Goutham Chakravarthi

With this being the Olympics year, and with Usain Bolt being its main attraction of the Olympics’ blue-ribbon event – men’s 100m – here is a re-look at the race that stunned the world, when he ran the 100m in an astonishing time of 9.58 seconds.

August 19, 2009

Every batsman around the world must be thanking his heavens that Usain Bolt gave up fast bowling for sprinting. At 6’5” and capable of doing the 100 meter dash swifter than I can in my car, if his bowling speeds was anywhere near his sprinting deeds he’d have been a handful!

Cricket’s loss is athletics’ gain. On Sunday in Berlin he decimated his Olympics time of 9.69 seconds by 0.11 seconds to stun the sports world. Sprint records are meant to be broken incrementally like in long jump, pole vault or high jump.

Here, within a span of 9 and half seconds, he went a generation ahead of everyone else like Jesse Owens did with his long jump leap at the 1936 Berlin Olympics. If anything, it is befitting that both should have happened at Berlin where Hitler wanted to demonstrate the superiority of Aryan race over ethnic African race.

Sample this: since Jim Hines became the first man to go under 10 seconds in the 1968 Mexico City Olympics to set the then world record, it has been broken 12 times since.

Bolt: Simply the best

The world record time has never been bettered by more than 0.05 seconds – when Maurice Green clocked 9.79 seconds in Athens (1999) he broke Donovon Bailey’s 1996 Atlanta gold medal winning performance of 9.84 seconds by 0.05 seconds.

Ben Johnson did thrash Calvin Smith’s world record of 9.93 seconds by 0.10 seconds in Rome in 1987 only for his time of 9.83 seconds to be disallowed along with all his other achievements between 1981 and 1988 after testing positive right after winning the Seoul Olympics gold with another world record time of 9.79 seconds.

That it took another 12 years for anyone to get to that mark of 9.79 seconds shows how difficult it is to nick a good 1/10th of a second off the world record. Bolt has now smashed his last world record of 9.69 seconds from Beijing Olympics by 0.11 seconds. It has never happened before that a sprint record is bettered by so much, at least since electronic timing came into the sport in 1977.

He is the only person to have breached the 9.7 and 9.6 seconds’ barrier. Now he says he can go under 9.5 seconds! The next fastest time ever is 9.71 seconds – Tyson Gay (0.13 seconds behind). Asafa Powell’s best is 9.72 seconds.

The 12 fastest men after Bolt are separated by a mere 0.15 seconds between them. It simply shows how much he is dominating his sport and how far ahead he is from anyone else.

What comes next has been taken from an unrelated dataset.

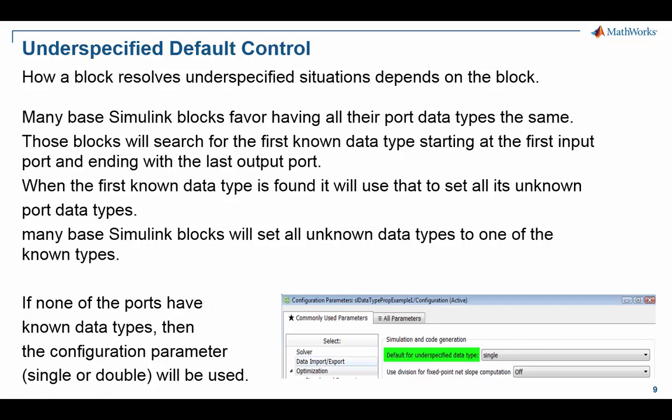Okay, that completes this tutorial on underspecified data type propagation and Simulink.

It is not like Sergei Bubka and Yelena Isinbayeva bettering their pole vault world records by a centimeter or two each time, it is like bettering it by 15 centimeters at one go (Bubka took more than 10 years to better his world record by 20 cms and Isinbayeva has taken 4 years to increase her record to 5.05m after breaking the 5m barrier in London in July, 2005)!

Bolt is sprinting his way to becoming the greatest athlete of them all. 9.58 seconds! I still can’t believe it!

This article appeared on Bleacher Report on August 19, 2009.